Now let’s talk about why this actually matters for you, right now, in your life.

Fitness is a hedge against sickness.

That’s the most important part of this model. And it might be the most overlooked.

The idea is simple: If you build your health markers in the direction of fitness, toward super wellness, you’re creating a buffer and a hedge against the inevitable decline that comes with aging.

Let’s make this concrete.

You’re 45, and you’ve been training consistently, eating well, sleeping properly. Your health markers are solid. You’re fit.

Then at 75, you get injured. Maybe a fall, a car accident, or you just get sick.

If you spent the last 30 years maintaining that fitness hedge, you have something to work with. You recover faster, you heal better, and you bounce back. The incident that might have been catastrophic becomes something you overcome.

But if you spent the last 30 years living in the wellness zone, or worse, creeping toward sickness, that same incident might be the end. One fall, or one hospital stay for something “relatively minor,” and suddenly you’re in hospice.

When you build a 10- or 20-year buffer, you create space between fitness and sickness that takes decades to cross.

That’s the longevity piece, and that’s why this matters.

You Have More Control Than You Think

People talk about genetics. “My genetics will limit where I can be on this continuum.”

Maybe that’s true, but here’s the thing: it doesn’t matter.

Think of two boats crossing the ocean. One can go 35 knots max. One can go 20 knots max. But both only need to go 16 knots to reach their destination.

They both arrive at the same time.

That extra genetic potential? If you never call it into play, it doesn’t matter.

Most people aren’t making the consistent choices needed to reach their actual genetic potential. Not even close. They’re making choices that move them in the wrong direction.

So, regardless of genetics, you have control. You can make consistent choices to move yourself toward fitness, toward super wellness. Or you can make (often unknowingly) consistent choices that move you toward sickness.

Genetics might determine your ceiling, but most of us are nowhere near our ceiling. The gap between where you are and where you could be is huge. And that gap is controlled by consistent daily choices.
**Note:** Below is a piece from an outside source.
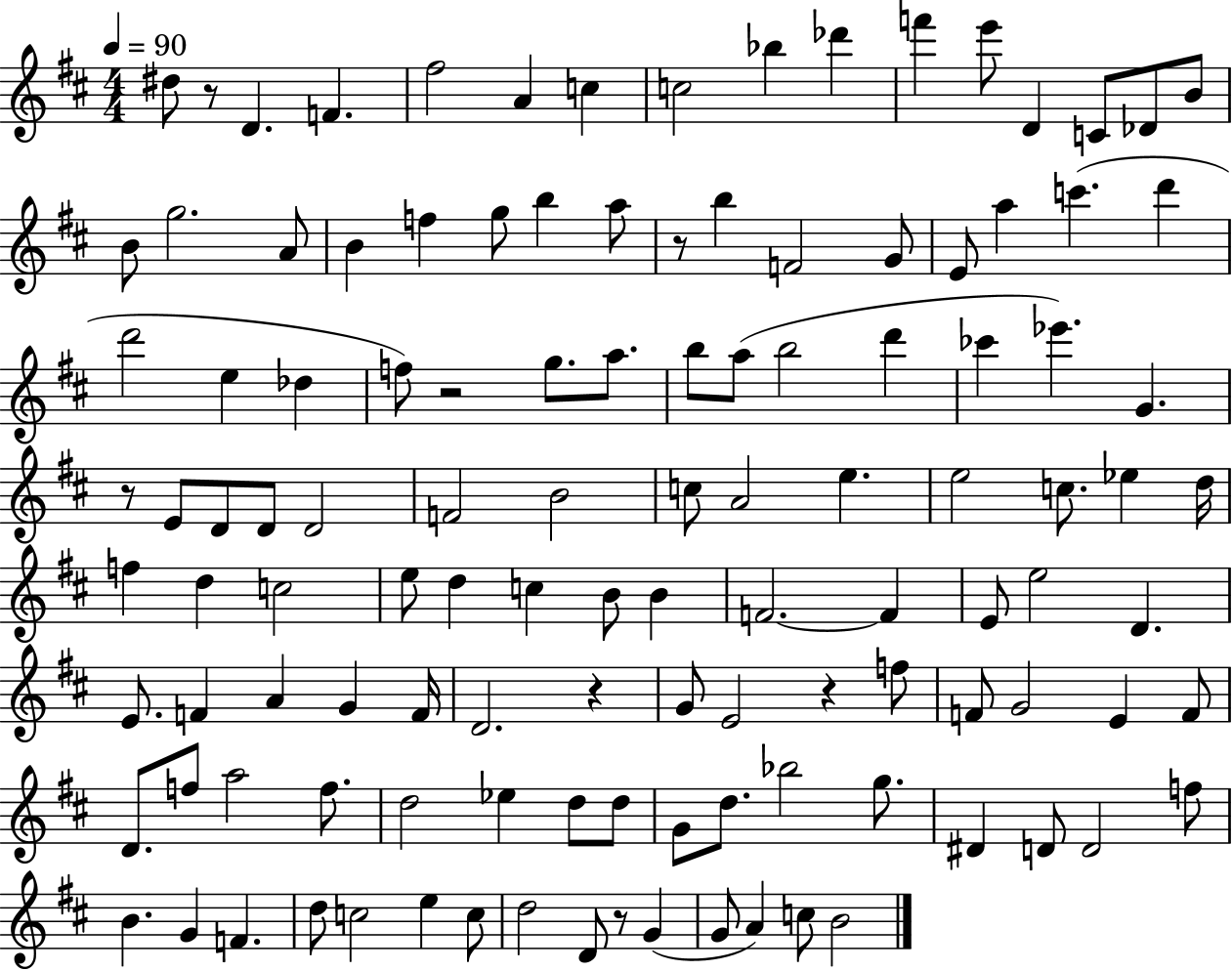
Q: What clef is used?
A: treble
Build as big a hedge as you can. You don’t need to be a genetic elite or a Games athlete. You just need to build a substantial buffer between yourself and decrepitude.

This Is Actually What Fitness Means

Here’s something that gets lost: When we say fitness, we’re not talking about your deadlift or your 5K time.

We’re talking about being a capable human being.

Go back 1,000 years. If you were dropped into the world without modern conveniences, what would you need to do?

You’d need to lift heavy things, build a shelter, hunt and drag home food, walk and run and sprint, jump, climb, chase things, flee from things, and move in varied ways to handle all the different challenges life throws at you.

That’s fitness, and it’s what a human should be capable of.

Today, we call that “elite” because the average has dropped so far. But we’re not trying to create elite athletes. We’re trying to recreate what a human being should actually be capable of.

And when you look at people who die from car accidents or skiing accidents, they often aren’t dying from the accident itself. They’re dying because they don’t have the capacity to survive it.

The accident is the last trigger. The real killer is the decrepitude and the accumulated decline from years of not building capacity or maintaining fitness.

The Four Pillars (You Need All Four)

Here’s the thing: You can’t just train your way to fitness.

There are four nonnegotiables in the CrossFit methodology:

Variance – Moving in different ways, different ranges of motion, different intensities.

Functional movements – Movements that mimic real-world demands.

Intensity – Actually working hard, not just going through the motions. 

Nutrition – Eating quality food to support your training and health.

The first three build your work capacity, enhance your muscles, and strengthen your tendons and ligaments. They’re important.

But they have to be supported by nutrition. You can’t out-train a bad diet. You can’t build health markers in the right direction if you’re eating garbage.

It’s not 90% kitchen and 10% gym. It’s not 80-20. It’s both. Both are required. Both are nonnegotiable.

And you have to do both consistently and persistently for the rest of your life.

What You’re Actually Training For

When someone asks you why you’re doing this work — why you’re squatting heavy, grinding through conditioning, tracking your food — here’s the real answer: You’re building a buffer against the future.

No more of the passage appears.